Another two-parter for you today, everybody. This is a piece from the top of the National League, where Barnet could be set for a return to the EFL after an absence of seven years. Paying subscribers then also get a little back story, going back to the 1980s and the days of Stan Flashman and Barry Fry.
It was another sensational win. 4-0 away at Rochdale this time, extending their lead at the top of the National League table to nine points over York City. Barnet are starting to pull clear, and the final step on an improvement that has been steady over the last two and a half seasons may end with another return to League football. But still the club is struggling slightly for crowds, so why is that, and what is being done about it? And how has this club been such a chaos magnet at times, for a period going back decades?
The Tuesday prior to the Rochdale win had come an even more significant one, a home match against York with three points at stake. Top against second. And in short…Barnet blew York away. The final score was 3-1, but the home side were three up with less than an hour played, while York’s goal came a minute into stoppage-time, by which time the notion that this was anything much like a contest had been pretty much dispensed with.
The crowd for this match was 4,050, Barnet’s highest home League attendance of this season by more than a thousand. And it’s more than three times the 1,289 who saw their 2-0 home win against Hartlepool United in the National League exactly three weeks earlier. This is obviously a problem. The lower you go down the football pyramid, the more clubs are financially dependent on match-day revenues. It’s not as accentuated in the National League as further down the ladder, but it’s still enormous in comparison with the Premier League.
The bottom line here is that if Barnet can’t even attract much of a crowd when they’re playing this sort of football, when will they? They’re currently in 12th place in the National League’s average attendance figures. And it was the same last season, when their average home attendance was exactly ten more than their average for this season, as the team finished as runners-up.
The answer to that question is simple, but obvious. Barnet need to be playing back in Barnet. They moved out of Underhill, which was more or less next to High Barnet underground station, going down the hill out of the town centre, in 2013 for The Hive, a purpose-built stadium which… isn’t even in the London Borough of Barnet. It’s about seven miles away, near Stanmore and Edgware, and it takes just over an hour to get there by public transport from High Barnet.
With this in mind, the club has been pursuing a return to their home borough. Barnet had to leave Underhill following a long-running dispute with the local council about the leasehold to the ground and access issues. The site was sold in 2015 and demolished three years later; the land is now owned and used by an education academy.

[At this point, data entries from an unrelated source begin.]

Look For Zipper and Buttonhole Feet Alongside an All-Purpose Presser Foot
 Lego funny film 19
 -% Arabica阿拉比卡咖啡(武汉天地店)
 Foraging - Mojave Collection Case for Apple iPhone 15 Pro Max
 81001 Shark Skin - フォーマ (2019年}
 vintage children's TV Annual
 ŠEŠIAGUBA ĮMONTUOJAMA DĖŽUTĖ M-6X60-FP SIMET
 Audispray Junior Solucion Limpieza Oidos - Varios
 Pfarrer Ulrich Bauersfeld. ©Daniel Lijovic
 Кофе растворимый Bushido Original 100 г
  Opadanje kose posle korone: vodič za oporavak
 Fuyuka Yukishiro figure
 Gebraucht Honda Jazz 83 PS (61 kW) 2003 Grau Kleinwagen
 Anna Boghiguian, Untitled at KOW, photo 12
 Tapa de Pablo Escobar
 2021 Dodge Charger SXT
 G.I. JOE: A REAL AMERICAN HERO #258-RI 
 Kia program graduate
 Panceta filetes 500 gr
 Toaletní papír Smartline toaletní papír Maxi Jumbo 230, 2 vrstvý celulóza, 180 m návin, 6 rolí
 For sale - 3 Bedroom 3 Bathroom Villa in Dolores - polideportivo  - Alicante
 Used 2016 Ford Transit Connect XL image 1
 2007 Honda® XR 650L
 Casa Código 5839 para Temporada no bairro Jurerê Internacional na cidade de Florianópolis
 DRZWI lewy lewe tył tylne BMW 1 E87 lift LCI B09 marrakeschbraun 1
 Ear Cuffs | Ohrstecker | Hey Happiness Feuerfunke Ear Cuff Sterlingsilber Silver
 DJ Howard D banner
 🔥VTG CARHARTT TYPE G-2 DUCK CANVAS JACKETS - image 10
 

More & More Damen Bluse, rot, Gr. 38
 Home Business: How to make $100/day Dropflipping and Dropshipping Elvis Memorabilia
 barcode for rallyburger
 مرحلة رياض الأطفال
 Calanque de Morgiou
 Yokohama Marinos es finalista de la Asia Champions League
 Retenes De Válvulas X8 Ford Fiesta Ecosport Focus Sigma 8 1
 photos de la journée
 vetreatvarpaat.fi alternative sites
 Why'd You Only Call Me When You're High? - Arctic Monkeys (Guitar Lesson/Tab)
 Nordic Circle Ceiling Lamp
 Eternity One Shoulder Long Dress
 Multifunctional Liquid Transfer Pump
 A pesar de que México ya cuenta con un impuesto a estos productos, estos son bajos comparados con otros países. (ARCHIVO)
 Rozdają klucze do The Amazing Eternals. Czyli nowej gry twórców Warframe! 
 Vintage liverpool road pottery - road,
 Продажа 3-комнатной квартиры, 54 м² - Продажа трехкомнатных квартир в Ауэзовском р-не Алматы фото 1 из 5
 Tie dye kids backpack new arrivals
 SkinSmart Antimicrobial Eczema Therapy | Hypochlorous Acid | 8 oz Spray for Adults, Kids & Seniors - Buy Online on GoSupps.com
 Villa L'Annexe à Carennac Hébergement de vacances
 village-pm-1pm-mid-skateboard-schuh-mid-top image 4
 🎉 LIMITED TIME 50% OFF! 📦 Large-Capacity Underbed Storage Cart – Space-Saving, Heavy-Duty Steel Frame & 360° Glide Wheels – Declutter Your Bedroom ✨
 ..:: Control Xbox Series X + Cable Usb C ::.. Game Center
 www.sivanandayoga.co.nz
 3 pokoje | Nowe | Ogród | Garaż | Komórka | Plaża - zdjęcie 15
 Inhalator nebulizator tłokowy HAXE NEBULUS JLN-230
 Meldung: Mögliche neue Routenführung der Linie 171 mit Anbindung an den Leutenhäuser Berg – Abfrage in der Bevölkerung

Getting a new ground back in the borough may prove to be a challenge, considering the hostility of the council towards the club in years gone by and the challenges of building anything on the outskirts of London. But times have changed, at least in political terms.
The council hostile to the club was a Conservative one which ran the borough from 1965 to 2022, with only eight years of having no overall control. But Labour swept them aside three years ago, and this may well be the reason why the club is putting the pressure back on now. After all, chairman Tony Kleanthous is a former Labour councillor.
The club issued its first plans in February last year but were met with scepticism on account of Kleanthous having identified a site on green belt land for the site. There were also concerns from some local residents about its potential effects on the academy school. Following public consultations last November, the club last month issued revised plans, with a new site identified on the other side of the playing fields.
They expect to make their application before the end of the year, but it does seem likely that there will be at least some degree of local opposition, even though there is understood to be widespread support for the club to return to their home borough. And it’s fair to say that there are practical benefits—not least economic benefits—to the local area from having the football club back, as well as giving the club themselves a better chance of being financially self-supporting.
Barnet left Underhill in 2013, as they dropped out of the Football League. They won their last home game there against Wycombe Wanderers, but lost at Northampton the following week and were relegated on goal difference. They were promoted back after two seasons, but then were relegated back again after another three and have been there ever since.
Of course, a tail-off in attendances was always likely following relegation back into the non-league game, and the 2013/14 season saw them knock 700 off their average home crowd compared to the year before’s, of 2,440. But when promoted back as champions the following year they only rose by 250 and still fell slightly short of 2,000. Promotion back in 2015 boosted crowds, but they fell consistently over the club’s three years back, and by 2019 they’d fallen to 1,388, the sixth-lowest in National League, between Maidenhead United and Havant & Waterlooville.
Things have improved slightly since then. By 2023 they’d risen back to 2,050, though this came in tandem with an upswing in fortunes on the pitch. In 2021 they’d finished bottom of the National League and were only saved from relegation by there being no relegation that season. Barnet missed out on the boom in non-league attendances in 2021/22 by finishing 18th in the table, increasing only slightly to 1,566. Crowds increased again the following season, but even finishing as runners-up to Chesterfield last season saw them dip back below that 2,000 threshold.
There seems little doubt that Barnet need to be back in their home borough, but where? The site of Underhill has been largely eaten up by a school, and building on the playing fields only seems likely to come through if ‘exceptional circumstances’ can be demonstrated. It’s not unreasonable to suggest that open green spaces in London shouldn’t be built on by private businesses. If Barnet can prove that they’re more than that, they could yet get it over the line. But if they can’t, the exile will continue. They’ve already agreed an indefinite new lease for The Hive with the council next door. It is to be hoped that they won’t have to use it for anything like that amount of time.